• **Exercise objective**: Transcribe every line of the material below exactly, leaving out the pictures.

• **Excerpted data**:

►

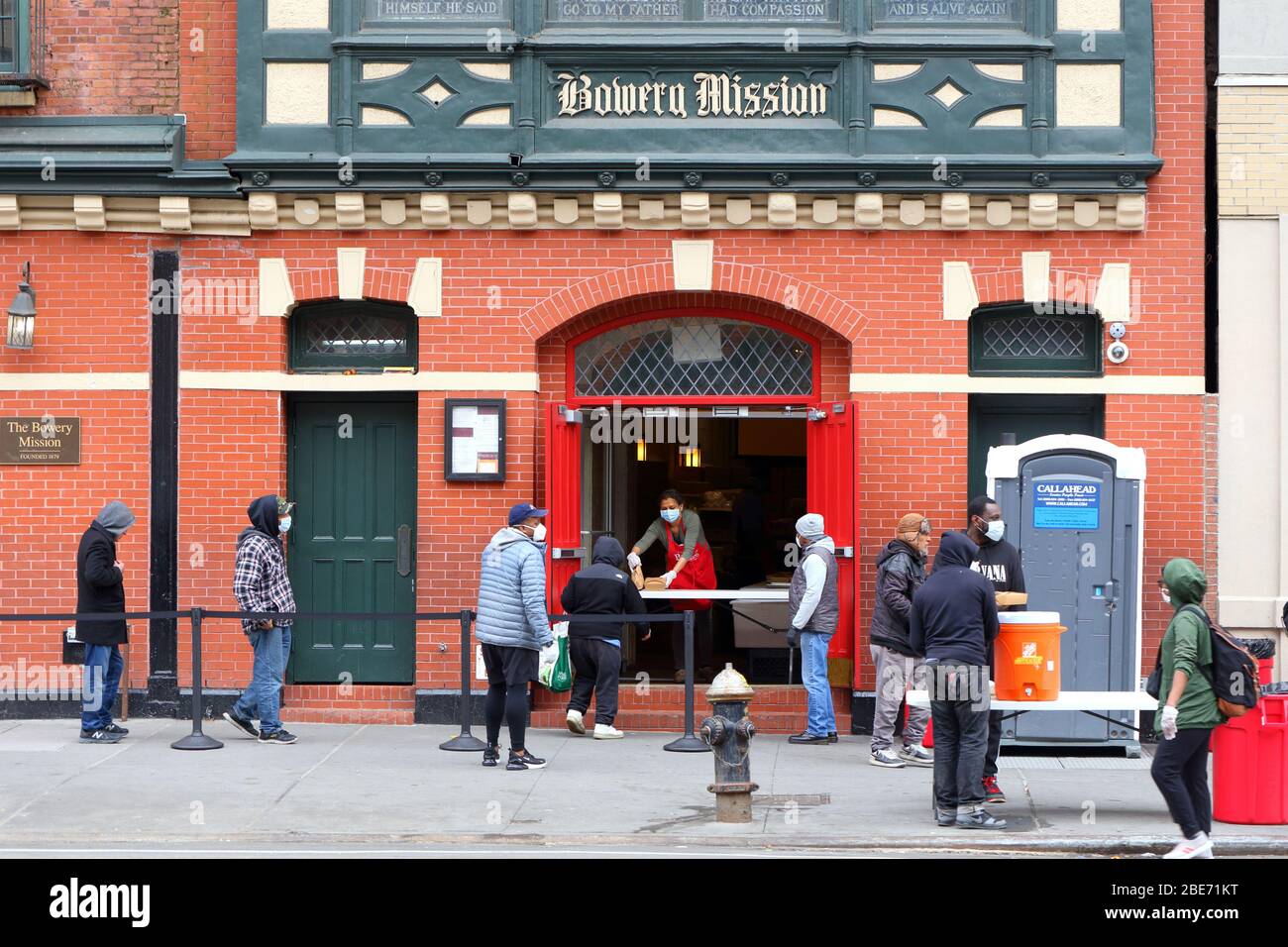 Pranzo di Pasqua servito alla missione Bowery ai senzatetto, povero e affamato a New York durante... PER ULTERIORI INFORMAZIONI, VEDERE LA DIDASCALIA COMPLETA Foto Stock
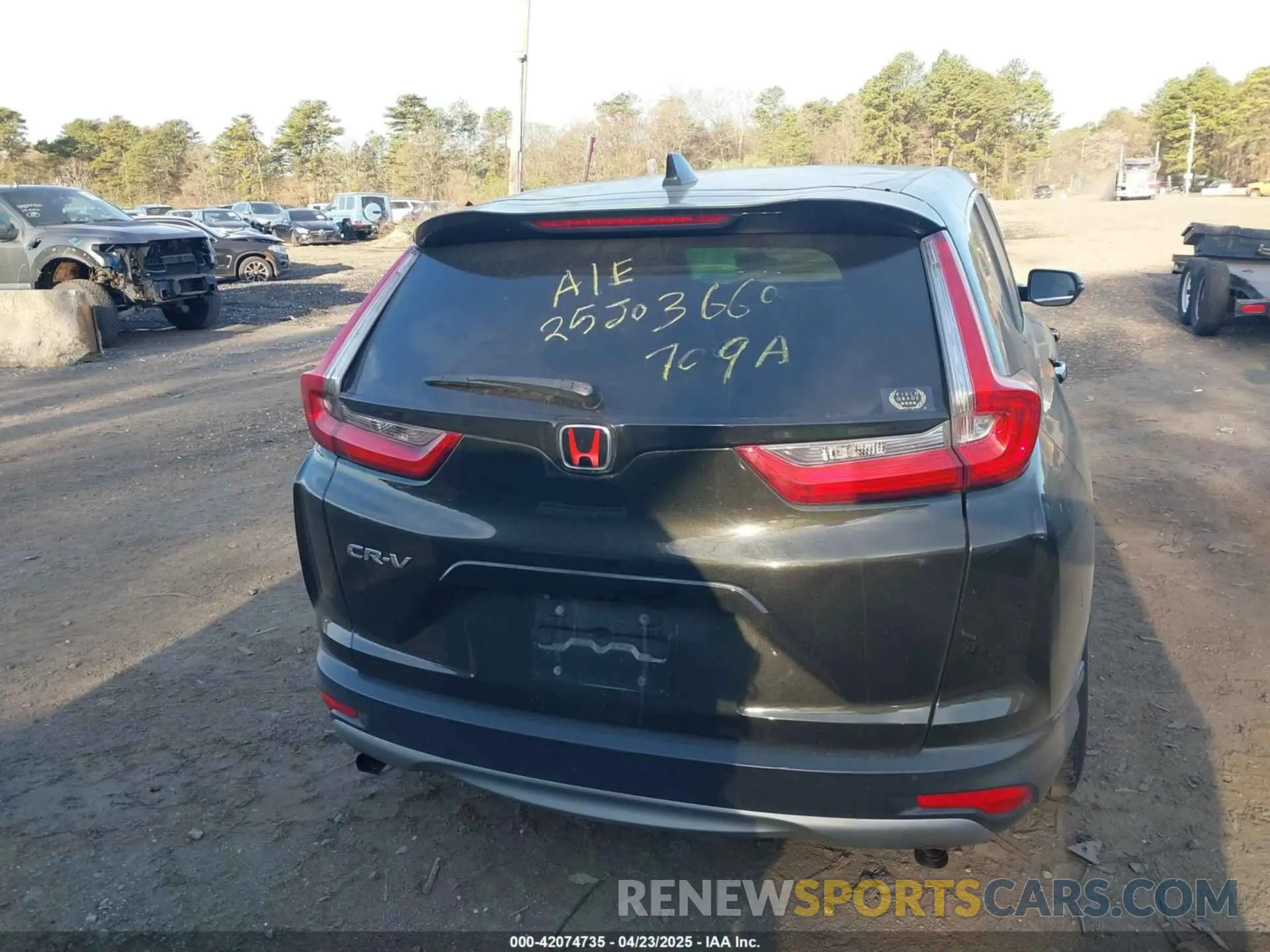16 fotografías del automóvil dañado 2HKRW2H83KH639877 HONDA CR-V 2019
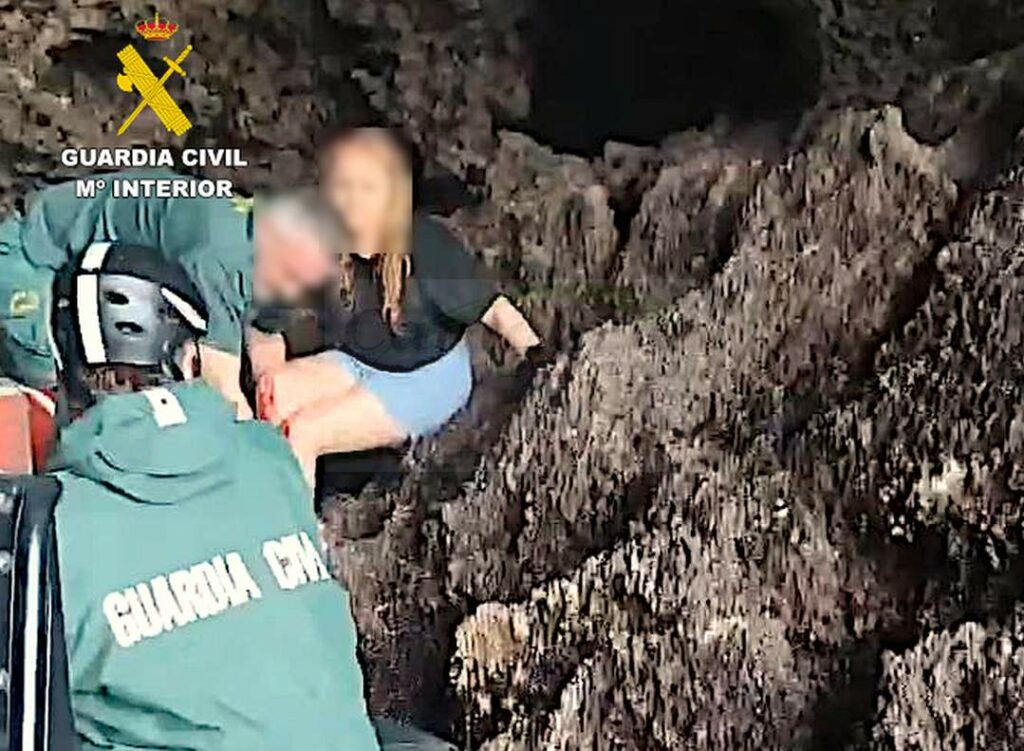 Rescatada "in extremis" una mujer encaramada a unas rocas en el “Faro del Caballo” de Santoña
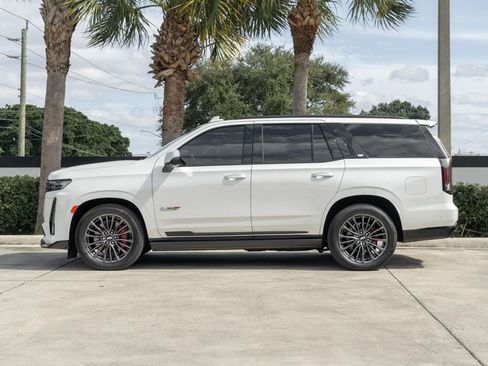 Used 2023 Cadillac Escalade V image 3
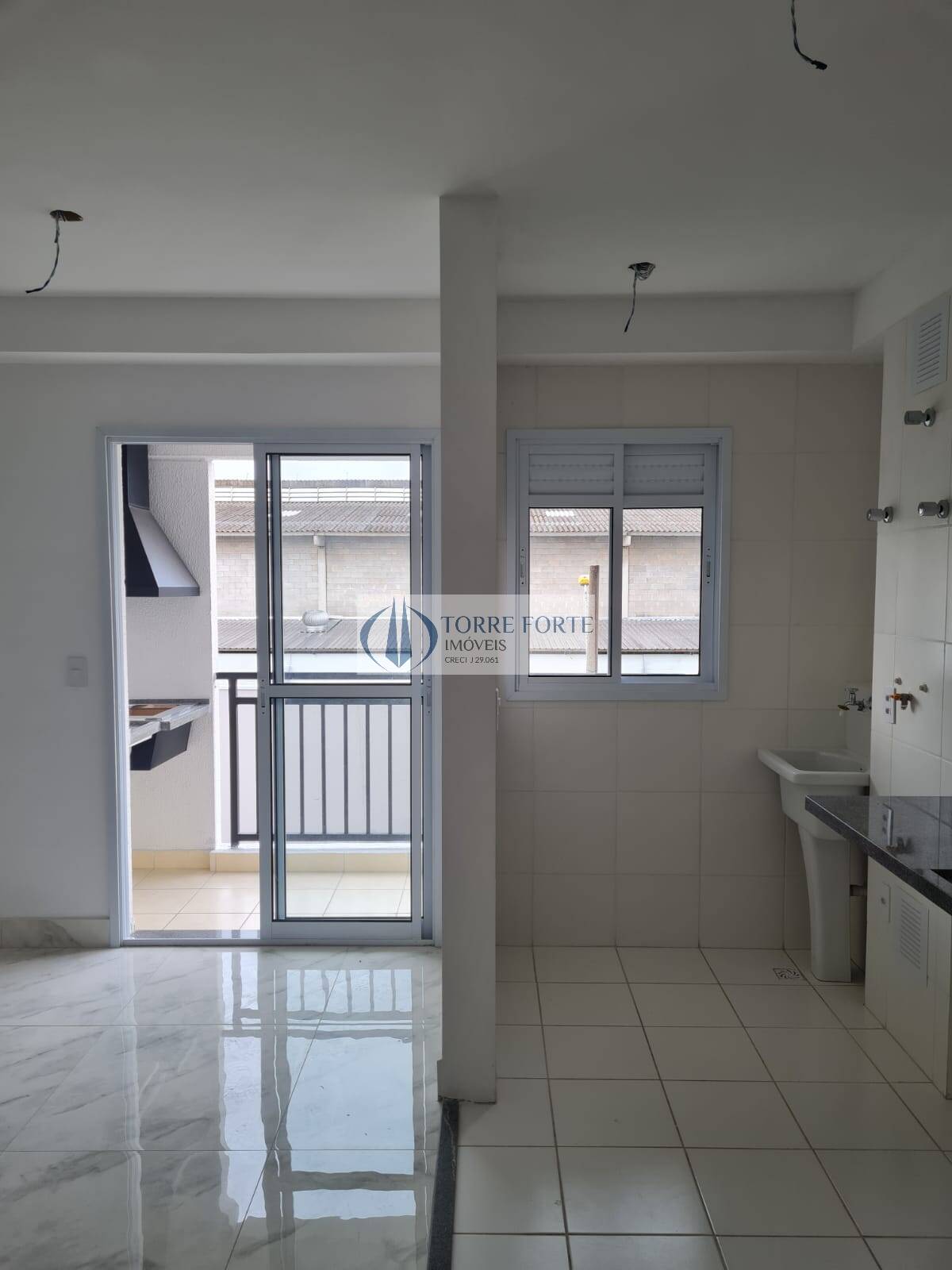 Apartamento à venda com 2 quartos, 57m² - Foto 16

◄

• **Task answer**:
 Pranzo di Pasqua servito alla missione Bowery ai senzatetto, povero e affamato a New York durante... PER ULTERIORI INFORMAZIONI, VEDERE LA DIDASCALIA COMPLETA Foto Stock
16 fotografías del automóvil dañado 2HKRW2H83KH639877 HONDA CR-V 2019
 Rescatada "in extremis" una mujer encaramada a unas rocas en el “Faro del Caballo” de Santoña
 Used 2023 Cadillac Escalade V image 3
 Apartamento à venda com 2 quartos, 57m² - Foto 16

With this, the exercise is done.